Permian-Triassic extinction survivor discovered in Antarctica

An anomodont skull of Suminia

From BigNews Network:

Antarctica may have served as climatic refuge in Earth’s greatest extinction event

ANI Thursday 3rd December, 2009

Washington: A new fossil species suggests that some land animals may have survived Earth’s greatest extinction event, about 252 million years ago, by taking refuge in cooler climates in Antarctica.

Jorg Frobisch and Kenneth D. Angielczyk of The Field Museum together with Christian A. Sidor from the University of Washington have identified a distant relative of mammals, Kombuisia antarctica, that apparently survived the mass extinction at the end of the Permian Period by living in Antarctica.

The new species belongs to a larger group of extinct mammal relatives, called anomodonts, which were widespread and represented the dominant plant eaters of their time.

“Members of the group burrowed in the ground, walked the surface and lived in trees,” said Frobisch, the lead author of the study.

Kombuisia antarctica was not a direct ancestor of living mammals, but it was among the few lineages of animals that survived at a time when a majority of life forms perished.

When it served as refuge, Antarctica was located some distance north of its present location, was warmer and wasn’t covered with permanent glaciers, according to the researchers.

The refuge of Kombuisia in Antarctica probably wasn’t the result of a seasonal migration but rather a longer-term change that saw the animal’s habitat shift southward.

Fossil evidence suggests that small and medium sized animals were more successful at surviving the mass extinction than larger animals.

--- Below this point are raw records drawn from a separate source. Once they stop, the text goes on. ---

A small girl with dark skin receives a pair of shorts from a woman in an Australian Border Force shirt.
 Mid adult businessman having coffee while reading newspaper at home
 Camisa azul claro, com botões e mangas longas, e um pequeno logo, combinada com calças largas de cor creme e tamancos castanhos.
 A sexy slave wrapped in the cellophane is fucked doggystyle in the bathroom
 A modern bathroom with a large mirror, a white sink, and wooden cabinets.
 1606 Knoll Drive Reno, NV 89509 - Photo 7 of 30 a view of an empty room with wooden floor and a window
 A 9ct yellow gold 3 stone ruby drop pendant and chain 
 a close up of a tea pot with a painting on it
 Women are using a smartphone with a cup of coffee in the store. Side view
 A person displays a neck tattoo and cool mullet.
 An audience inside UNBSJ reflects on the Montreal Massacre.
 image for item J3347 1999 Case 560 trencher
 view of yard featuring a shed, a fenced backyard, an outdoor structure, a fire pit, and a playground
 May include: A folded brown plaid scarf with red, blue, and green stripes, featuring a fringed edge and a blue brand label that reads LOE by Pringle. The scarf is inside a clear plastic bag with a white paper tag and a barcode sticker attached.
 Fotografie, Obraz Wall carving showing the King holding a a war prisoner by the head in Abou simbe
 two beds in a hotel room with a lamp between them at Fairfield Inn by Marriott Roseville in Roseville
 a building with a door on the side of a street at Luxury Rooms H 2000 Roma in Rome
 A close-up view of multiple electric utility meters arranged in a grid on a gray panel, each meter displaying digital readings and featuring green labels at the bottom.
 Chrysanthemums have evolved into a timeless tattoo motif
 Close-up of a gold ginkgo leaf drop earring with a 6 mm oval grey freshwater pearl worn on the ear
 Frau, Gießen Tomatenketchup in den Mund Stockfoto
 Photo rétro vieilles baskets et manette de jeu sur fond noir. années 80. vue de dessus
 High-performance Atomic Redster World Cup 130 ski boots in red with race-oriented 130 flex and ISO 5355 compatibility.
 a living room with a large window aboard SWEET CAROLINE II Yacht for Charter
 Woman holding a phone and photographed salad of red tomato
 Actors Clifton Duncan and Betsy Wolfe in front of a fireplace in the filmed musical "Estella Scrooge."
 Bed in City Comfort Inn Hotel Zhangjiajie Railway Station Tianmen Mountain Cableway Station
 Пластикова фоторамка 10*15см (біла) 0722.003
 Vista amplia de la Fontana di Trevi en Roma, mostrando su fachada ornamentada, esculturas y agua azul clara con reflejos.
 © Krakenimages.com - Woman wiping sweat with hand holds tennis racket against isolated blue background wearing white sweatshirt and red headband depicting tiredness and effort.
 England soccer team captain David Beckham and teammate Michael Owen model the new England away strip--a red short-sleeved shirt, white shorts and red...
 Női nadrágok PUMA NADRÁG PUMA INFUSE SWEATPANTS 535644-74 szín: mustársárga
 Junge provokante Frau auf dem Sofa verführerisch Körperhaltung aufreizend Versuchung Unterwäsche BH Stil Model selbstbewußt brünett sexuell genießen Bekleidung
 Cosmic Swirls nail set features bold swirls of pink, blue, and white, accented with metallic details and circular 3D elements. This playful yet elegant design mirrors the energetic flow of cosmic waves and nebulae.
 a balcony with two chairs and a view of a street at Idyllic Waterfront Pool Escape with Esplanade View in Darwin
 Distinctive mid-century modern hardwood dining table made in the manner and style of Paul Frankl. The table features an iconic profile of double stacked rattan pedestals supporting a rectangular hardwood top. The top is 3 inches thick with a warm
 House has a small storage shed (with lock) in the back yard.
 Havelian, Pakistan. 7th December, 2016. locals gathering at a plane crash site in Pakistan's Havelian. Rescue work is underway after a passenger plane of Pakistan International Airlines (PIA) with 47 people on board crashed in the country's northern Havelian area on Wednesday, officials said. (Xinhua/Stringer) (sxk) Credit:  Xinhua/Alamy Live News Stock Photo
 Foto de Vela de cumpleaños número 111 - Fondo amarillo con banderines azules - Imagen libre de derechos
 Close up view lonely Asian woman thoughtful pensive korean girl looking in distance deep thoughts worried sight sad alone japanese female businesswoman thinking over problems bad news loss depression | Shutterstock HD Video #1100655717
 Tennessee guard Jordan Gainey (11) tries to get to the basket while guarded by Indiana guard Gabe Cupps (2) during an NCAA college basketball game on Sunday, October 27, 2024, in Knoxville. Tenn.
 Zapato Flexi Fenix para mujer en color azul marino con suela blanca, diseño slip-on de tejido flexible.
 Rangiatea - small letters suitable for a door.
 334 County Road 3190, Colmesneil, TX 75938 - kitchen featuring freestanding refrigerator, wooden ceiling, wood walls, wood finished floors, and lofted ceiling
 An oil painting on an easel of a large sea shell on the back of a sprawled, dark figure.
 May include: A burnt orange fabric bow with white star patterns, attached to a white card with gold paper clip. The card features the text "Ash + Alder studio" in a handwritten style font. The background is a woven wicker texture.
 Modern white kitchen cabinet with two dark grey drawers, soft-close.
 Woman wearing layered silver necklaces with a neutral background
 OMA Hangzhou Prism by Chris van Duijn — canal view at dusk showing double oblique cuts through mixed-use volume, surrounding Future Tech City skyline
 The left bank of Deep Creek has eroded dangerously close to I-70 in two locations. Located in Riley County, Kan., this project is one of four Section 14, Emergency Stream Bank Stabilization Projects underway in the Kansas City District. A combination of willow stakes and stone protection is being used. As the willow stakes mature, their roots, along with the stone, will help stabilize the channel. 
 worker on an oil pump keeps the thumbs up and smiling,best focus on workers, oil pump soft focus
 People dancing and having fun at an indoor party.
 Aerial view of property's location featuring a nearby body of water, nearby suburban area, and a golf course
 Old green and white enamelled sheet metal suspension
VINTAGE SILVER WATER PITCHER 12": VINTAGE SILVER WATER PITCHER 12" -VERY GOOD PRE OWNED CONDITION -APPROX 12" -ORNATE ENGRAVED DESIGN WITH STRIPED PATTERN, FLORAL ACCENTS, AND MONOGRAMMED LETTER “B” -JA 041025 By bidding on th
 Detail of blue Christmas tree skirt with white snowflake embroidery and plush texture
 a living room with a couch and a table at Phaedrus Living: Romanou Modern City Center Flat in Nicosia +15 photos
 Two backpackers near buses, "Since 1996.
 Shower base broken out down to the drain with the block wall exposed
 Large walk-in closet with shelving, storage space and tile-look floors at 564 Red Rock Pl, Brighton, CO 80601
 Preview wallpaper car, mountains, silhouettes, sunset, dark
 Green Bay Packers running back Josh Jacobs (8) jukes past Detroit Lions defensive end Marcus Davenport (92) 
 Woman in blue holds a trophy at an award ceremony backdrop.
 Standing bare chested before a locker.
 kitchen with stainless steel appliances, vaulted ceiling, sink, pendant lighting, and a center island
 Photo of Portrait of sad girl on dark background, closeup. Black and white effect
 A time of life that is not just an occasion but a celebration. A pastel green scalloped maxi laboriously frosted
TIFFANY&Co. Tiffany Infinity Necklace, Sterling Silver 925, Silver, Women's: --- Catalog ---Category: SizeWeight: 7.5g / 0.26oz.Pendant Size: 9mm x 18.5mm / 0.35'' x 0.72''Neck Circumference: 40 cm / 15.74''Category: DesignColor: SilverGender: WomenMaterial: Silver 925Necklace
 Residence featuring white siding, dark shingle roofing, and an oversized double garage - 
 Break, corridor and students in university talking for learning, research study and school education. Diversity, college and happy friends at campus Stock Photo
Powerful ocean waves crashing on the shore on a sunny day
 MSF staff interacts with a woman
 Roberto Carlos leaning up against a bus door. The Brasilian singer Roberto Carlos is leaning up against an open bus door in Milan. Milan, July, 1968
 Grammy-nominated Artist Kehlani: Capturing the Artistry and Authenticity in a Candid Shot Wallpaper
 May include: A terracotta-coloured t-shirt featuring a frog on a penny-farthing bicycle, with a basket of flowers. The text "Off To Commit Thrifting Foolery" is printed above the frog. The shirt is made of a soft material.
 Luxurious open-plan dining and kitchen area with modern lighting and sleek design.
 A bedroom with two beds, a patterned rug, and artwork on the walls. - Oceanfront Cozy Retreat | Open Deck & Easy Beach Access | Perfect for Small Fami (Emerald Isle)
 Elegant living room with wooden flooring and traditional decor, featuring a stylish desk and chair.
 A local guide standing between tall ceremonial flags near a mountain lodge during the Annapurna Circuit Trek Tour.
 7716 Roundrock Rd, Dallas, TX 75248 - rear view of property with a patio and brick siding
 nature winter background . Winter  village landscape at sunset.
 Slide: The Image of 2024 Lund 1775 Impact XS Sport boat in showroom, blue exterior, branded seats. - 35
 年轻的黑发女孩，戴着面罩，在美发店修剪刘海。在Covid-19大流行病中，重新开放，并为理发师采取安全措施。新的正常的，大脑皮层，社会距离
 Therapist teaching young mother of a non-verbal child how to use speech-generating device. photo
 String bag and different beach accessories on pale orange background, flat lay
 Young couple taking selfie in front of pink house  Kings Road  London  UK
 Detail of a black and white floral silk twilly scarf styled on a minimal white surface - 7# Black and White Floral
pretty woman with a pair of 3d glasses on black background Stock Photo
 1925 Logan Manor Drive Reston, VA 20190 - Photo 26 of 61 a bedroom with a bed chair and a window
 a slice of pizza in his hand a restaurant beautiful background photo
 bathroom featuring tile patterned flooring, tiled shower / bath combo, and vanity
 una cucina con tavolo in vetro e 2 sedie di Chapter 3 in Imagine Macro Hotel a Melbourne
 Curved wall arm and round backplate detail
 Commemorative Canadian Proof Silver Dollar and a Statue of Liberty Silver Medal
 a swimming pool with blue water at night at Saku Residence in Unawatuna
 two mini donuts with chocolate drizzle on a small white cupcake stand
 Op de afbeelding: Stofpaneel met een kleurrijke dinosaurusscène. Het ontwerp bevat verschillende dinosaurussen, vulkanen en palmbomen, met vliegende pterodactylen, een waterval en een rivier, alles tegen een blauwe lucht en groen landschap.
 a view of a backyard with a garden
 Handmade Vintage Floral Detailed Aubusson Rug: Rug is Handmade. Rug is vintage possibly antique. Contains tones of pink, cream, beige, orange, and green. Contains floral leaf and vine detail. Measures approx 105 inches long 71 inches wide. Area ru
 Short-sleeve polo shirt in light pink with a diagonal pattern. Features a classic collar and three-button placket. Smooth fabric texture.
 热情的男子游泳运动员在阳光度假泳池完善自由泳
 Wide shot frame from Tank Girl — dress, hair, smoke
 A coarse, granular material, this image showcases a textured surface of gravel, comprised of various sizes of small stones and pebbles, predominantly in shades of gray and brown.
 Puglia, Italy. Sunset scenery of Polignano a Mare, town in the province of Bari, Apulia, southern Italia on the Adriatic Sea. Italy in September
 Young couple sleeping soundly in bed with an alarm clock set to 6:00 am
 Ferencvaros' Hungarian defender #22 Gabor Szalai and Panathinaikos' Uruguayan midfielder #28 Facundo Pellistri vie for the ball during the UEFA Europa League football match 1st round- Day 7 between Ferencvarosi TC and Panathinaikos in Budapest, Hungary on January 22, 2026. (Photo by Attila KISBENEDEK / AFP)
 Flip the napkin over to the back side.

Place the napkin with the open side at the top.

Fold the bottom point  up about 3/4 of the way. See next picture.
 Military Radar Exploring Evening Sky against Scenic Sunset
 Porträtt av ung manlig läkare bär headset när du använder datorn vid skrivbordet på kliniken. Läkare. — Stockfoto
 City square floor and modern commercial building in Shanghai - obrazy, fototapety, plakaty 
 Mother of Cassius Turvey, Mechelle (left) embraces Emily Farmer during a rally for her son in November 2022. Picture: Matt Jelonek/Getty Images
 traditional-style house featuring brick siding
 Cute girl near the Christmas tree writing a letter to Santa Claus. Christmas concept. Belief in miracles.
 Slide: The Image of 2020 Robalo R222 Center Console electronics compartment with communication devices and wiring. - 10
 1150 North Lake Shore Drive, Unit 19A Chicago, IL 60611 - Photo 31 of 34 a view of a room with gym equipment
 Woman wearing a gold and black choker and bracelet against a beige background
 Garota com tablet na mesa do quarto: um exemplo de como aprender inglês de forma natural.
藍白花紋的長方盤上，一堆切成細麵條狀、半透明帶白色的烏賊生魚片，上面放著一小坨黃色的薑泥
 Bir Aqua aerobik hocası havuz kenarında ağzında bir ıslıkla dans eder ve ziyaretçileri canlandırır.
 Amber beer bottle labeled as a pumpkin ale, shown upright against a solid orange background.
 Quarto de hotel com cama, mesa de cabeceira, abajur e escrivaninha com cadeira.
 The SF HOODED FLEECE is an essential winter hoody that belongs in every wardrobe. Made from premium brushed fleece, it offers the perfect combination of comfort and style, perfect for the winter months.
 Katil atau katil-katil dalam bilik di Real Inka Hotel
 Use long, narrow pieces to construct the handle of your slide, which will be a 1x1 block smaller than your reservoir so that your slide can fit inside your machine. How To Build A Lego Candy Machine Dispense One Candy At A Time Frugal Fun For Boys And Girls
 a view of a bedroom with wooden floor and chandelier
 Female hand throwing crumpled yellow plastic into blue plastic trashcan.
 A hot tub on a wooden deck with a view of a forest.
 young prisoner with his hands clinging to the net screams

They may have engaged in “sleep-or-hide” behaviors like hibernation, torpor and burrowing to survive in a difficult environment.

Earlier work by Fröbisch predicted that animals like Kombuisia antarctica should have existed at this time, based on fossils found in South Africa later in the Triassic Period that were relatives of the animals that lived in Antarctica.

“The new discovery fills a gap in the fossil record and contributes to a better understanding of vertebrate survival during the end-Permian mass extinction from a geographic as well as an ecological point of view,” Frobisch said.

The team found the fossils of the new species among specimens collected more than three decades ago from Antarctica that are part of a collection at the American Museum of Natural History.

See also here. And here.

Relationships & Monophyly of Therocephalian Therapsids: here.

An investigation into the cladistic relationships and monophyly of therocephalian therapsids (Amniota: Synapsida): here.

Dr Chen and his team are studying the much delayed recovery of marine species after the ‘Great Dying’, which occured 251 million years ago, by examining fossils around the world, particularly in his native South China, which, during the Triassic, enjoyed a temperate climate and was the site of a major re-flourishing of microfloras, then invertebrates and vertebrates following an order from low to high levels comparable to modern ecosystems: here.

The Permian extinction event was the biggest shake-up of life that Earth has ever seen: in the “Great Dying” that took place 250 million years ago, more than 90 percent of marine species were killed and about 70 percent of land animals vanished. The cause of this catastrophe has been debated for years, but new research suggests that volcanic eruptions triggered massive coal fires that pumped pollution into the air, eventually poisoning the planet: here.

The end-Permian crisis, by far the most dramatic biological crisis to affect life on Earth, was triggered by a number of physical environmental shocks – global warming, acid rain, ocean acidification and ocean anoxia. These were enough to kill off 90 per cent of living things on land and in the sea: here.

Tetraceratops insignis is not a close and nearly unknown relative with 4 horns of the well-known dinosaur Triceratops, but a very ancient mammal-like reptile or sphenacodontid (intermediate between therapsids and pelycosaurs). This classification is still uncertain and controversial among palaeontologists and, consequently, not definitive. In any case, Tetraceratops is considered an early therapsid, maybe the first one and still not completely evolved as such.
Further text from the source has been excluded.